Work request — Please state how many lines of the data below contain the word "Italian", offering nothing besides the number.

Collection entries
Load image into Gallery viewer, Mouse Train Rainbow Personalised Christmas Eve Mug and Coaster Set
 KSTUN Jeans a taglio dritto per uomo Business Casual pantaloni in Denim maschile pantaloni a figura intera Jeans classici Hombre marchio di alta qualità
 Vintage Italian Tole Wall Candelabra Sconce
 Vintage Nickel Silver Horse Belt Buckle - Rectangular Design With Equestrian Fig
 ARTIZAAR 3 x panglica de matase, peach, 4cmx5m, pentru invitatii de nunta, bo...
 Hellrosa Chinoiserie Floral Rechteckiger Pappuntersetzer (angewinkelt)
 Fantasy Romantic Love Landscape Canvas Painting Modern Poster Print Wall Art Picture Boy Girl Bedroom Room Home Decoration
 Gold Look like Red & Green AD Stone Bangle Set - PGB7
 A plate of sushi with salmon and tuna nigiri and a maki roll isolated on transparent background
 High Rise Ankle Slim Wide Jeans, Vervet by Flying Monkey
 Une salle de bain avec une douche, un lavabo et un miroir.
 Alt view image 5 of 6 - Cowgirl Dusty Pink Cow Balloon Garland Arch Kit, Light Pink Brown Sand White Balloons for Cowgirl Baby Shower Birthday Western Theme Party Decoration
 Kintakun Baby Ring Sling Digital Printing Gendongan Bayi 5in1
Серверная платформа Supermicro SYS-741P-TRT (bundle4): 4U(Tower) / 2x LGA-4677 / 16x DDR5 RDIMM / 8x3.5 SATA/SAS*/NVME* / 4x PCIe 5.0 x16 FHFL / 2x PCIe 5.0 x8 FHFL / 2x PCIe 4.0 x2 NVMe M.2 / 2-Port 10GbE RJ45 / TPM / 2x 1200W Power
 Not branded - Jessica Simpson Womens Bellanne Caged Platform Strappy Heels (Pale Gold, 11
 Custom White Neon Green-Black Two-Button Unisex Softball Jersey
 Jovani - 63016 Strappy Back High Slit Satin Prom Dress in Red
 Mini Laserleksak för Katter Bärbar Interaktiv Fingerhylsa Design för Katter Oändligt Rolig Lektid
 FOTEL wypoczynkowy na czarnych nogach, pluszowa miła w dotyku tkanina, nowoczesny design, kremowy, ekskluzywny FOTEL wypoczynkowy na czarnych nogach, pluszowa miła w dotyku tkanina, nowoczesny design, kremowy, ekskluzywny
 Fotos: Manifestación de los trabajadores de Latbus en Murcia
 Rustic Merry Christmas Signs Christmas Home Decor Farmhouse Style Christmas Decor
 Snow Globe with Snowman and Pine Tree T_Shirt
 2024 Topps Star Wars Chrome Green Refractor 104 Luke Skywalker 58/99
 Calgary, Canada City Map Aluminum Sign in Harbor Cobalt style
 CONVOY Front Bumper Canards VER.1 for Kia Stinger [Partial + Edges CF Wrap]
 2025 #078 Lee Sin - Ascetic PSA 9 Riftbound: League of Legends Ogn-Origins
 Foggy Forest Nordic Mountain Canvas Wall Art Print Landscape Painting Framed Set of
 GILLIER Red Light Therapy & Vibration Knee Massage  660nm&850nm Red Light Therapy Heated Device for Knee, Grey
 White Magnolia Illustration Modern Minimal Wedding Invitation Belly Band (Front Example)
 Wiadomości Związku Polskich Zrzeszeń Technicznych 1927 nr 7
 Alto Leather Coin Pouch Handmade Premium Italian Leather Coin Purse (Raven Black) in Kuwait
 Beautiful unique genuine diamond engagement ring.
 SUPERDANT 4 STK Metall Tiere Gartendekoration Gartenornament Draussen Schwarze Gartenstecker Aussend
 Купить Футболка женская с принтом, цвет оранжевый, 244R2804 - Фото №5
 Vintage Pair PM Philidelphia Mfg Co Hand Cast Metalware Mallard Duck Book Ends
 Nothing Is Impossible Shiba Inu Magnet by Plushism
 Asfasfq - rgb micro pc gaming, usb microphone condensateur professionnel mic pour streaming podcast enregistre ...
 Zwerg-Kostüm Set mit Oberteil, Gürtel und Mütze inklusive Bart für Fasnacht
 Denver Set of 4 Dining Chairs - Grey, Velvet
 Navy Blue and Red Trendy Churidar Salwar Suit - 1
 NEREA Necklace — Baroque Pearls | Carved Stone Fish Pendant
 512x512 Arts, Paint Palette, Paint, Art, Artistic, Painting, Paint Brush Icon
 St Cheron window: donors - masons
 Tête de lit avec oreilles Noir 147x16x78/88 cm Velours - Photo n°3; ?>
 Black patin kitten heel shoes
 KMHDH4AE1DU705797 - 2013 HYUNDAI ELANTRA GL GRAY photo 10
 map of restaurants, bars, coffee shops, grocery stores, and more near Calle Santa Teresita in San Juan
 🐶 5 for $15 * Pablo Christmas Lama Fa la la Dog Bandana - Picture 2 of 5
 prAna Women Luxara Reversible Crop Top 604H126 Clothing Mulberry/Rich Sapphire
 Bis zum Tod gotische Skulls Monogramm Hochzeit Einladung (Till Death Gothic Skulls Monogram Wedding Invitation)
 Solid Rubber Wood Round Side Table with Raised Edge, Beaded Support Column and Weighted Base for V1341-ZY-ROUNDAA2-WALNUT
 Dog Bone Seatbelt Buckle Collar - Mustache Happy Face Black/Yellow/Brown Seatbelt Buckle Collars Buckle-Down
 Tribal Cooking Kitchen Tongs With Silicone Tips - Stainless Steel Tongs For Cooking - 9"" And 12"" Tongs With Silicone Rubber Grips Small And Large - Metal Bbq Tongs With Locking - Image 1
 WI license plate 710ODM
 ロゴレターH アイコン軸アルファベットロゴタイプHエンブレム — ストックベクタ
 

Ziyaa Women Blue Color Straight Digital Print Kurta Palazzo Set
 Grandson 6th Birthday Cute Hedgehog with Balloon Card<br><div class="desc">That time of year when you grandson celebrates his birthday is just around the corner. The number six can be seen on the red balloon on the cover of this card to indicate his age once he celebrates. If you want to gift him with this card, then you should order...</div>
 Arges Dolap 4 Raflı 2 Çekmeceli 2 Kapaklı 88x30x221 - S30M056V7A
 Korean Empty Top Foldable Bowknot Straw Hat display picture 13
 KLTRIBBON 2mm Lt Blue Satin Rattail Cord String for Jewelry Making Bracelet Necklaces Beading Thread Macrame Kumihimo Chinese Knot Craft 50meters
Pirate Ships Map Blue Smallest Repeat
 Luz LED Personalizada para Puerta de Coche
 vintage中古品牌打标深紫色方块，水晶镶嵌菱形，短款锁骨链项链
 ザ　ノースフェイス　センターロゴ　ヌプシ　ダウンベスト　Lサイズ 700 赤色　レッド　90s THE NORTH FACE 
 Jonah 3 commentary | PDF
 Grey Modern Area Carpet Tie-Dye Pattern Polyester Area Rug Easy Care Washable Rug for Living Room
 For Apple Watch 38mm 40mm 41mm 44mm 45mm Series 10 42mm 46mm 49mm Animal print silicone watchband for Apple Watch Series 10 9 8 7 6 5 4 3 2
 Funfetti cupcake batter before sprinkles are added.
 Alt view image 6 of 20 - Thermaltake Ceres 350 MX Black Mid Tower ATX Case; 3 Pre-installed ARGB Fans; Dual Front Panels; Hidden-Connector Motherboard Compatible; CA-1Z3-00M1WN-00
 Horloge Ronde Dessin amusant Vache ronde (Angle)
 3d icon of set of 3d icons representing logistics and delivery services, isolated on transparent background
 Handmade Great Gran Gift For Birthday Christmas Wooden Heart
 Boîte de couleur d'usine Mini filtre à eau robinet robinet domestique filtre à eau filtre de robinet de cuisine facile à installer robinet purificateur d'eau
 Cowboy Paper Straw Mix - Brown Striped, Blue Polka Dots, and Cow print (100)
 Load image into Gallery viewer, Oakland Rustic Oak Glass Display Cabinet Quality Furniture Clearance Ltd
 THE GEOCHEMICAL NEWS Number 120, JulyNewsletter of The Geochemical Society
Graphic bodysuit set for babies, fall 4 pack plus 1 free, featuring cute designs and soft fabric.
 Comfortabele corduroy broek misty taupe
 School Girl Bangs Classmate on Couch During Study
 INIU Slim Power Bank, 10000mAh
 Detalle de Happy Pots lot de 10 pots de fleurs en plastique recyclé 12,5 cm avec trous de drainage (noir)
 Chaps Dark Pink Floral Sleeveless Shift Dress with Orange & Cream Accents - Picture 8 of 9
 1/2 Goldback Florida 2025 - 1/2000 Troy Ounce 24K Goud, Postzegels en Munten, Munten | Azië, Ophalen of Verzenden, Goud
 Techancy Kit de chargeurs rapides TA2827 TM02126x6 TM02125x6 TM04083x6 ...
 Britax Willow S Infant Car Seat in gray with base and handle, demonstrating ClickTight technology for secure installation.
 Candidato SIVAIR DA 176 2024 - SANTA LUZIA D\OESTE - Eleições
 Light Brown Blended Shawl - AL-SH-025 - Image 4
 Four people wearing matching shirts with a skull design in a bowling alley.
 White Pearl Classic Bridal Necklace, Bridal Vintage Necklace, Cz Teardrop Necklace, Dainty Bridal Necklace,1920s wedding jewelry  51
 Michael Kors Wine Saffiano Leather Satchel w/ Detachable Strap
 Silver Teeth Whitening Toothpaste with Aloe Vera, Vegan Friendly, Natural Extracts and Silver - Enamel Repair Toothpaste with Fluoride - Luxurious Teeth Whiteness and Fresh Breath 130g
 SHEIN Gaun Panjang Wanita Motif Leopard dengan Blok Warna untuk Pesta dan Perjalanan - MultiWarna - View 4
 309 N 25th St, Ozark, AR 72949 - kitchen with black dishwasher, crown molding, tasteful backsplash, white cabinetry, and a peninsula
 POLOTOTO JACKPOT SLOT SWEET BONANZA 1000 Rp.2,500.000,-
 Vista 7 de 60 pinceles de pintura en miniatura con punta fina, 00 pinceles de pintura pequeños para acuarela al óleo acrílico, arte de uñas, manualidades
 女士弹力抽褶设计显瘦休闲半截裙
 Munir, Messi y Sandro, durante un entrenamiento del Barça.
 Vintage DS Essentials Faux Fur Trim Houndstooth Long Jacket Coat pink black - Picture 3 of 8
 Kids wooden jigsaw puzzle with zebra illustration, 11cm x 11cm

Task answer — 2